Por: Vladimir Kislinger
Vivimos en una sociedad matriarcal que ha estado acostumbrada por décadas al maltrato, a la vejación y a los sueños rotos. Nuestros barrios y urbanizaciones, gobierno tras gobierno, se han vestido de distintos colores, dejando su memoria al abandono, para conseguir el tan esperado rescate por parte del “Papá Estado”, que nunca termina de responsabilizarse por la educación, por ser un buen mayordomo de la gerencia pública, por ser un facilitador, más que un proveedor.

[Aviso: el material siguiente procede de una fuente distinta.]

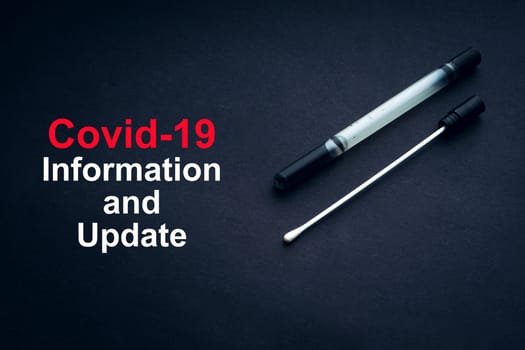 COVID-19 or CORONAVIRUS INFORMATION AND UPDATE text with medical swab on black background. Covid-19 or Coronavirus concept.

Y es que no hace falta escuchar, ver o leer a sabios analistas para entender que el maltrato recibido por generaciones ha dejado secuelas, las cuales hemos sentido con mucha más intensidad en estos últimos años, dada la descomposición social y crisis de valores, generando como consecuencia nuevos códigos de conducta, transgredidos por la propia necesidad de supervivencia, esa de la que tanto habló Freud y la que en nuestro caso se genera en vista de las alarmas que se prenden en los cuatro rincones de nuestra geografía nacional.

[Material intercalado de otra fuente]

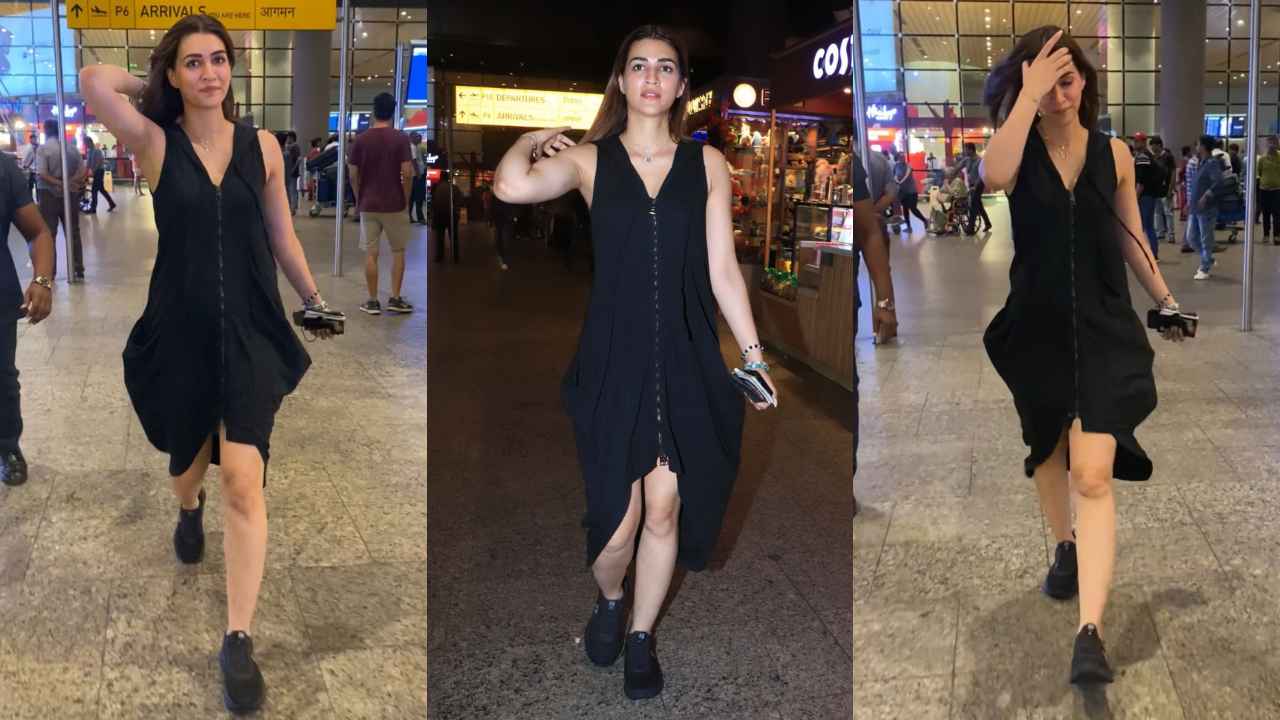 Kriti Sanon’s baggy black hooded zip dress is the perfect travel-ready choice for modern fashionistas (PC: Viral Bhayani, Varinder Chawla)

A ese “Papá Estado” irresponsable, dejado, desteñido, botarata y malhumorado no le hemos reclamado lo suficiente. No le hemos pedido que cumpla su rol como debe ser, sin excusas, sin terceros culpables. Un “Papá Estado” que nunca dio la talla y que empeora nuestra situación con el pasar del tiempo. Pero bueno, como en todo matrimonio ambas partes tienen algo de culpa. Allí entramos a la historia de la mamá que todo lo soporta: golpes, maltratos psicológicos, amenazas, violaciones, infidelidad, desatención y pare usted de contar. Esa mamá que tiene mucha culpa, aunque sea víctima a la vez. Una mujer hermosa, inteligente, pero con grandes complejos y baja autoestima. Ella no se ha dado cuenta que vale oro y que en sus propias ideas está la verdadera solución para su hogar y no en un nuevo marido de turno.

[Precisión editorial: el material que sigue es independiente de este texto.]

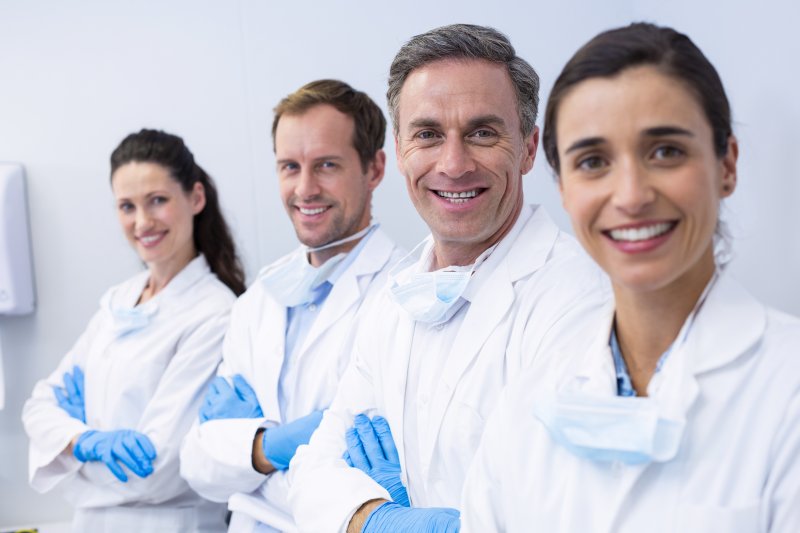 a team of dentists and specialists smiling in preparation for treating dental patients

Lamentablemente esta situación, en plena crisis, contamina la “atmósfera” del hogar, dejando a los hijos en una situación lamentable, por decir lo menos. Niños que a la buena de Dios terminan desmotivados, con un bajo rendimiento, con pocas esperanzas y un futuro que no pinta muy claro. Niños que al crecer, en vez de convertirse en esa generación de creativos, termina repitiendo y aceptando la historia del “Papá Estado” y de la mamá que todo lo soporta. Lamentablemente para este tipo de jóvenes el foco no está en la superación, en el logro de metas planteadas. Está en la propia inseguridad de su núcleo familiar, inestable, desesperado en su conflicto sin salida aparente.
En consecuencia el divorcio debe ser, es y será inminente. El “Papá Estado” debe salir de casa, de manera definitiva. La mamá que lo aguanta todo, Venezuela, debe responsabilizarse por su destino, rompiendo paradigmas y haciéndose escritora de su propio futuro. A los hijos, la nueva generación de venezolanos que tiene todo un reto faraónico por delante, les toca fuerte, pero teniendo una oportunidad de oro para refundar una nación que más temprano que tarde se levantará de las cenizas, esos escombros que más que materiales son mentales y espirituales. Una nueva alma, cual hombre nuevo, debe levantarse en nuestro hogar. No se trata de ir en una u otra dirección. Se trata de entender el rol de cada quien y mirar el camino por el que andemos.
Venezuela demanda la autocrítica, el dejar los etnocentrismos y prejuicios a un lado, romper con el cortoplacismo, olvidar por completo con la cultura del “más vivo” que termina siendo el “más bobo”, de seguir adelante, de olvidar que nadamos en petróleo, de entender que las riquezas naturales no son ventajas competitivas sino comparativas, de pensar en serio en la investigación como eje transversal para la evolución de nuestro pueblo. De ser mejores día a día.
¿Qué les parece si dejamos de hablar de los problemas en tercera persona y los adoptamos como propios?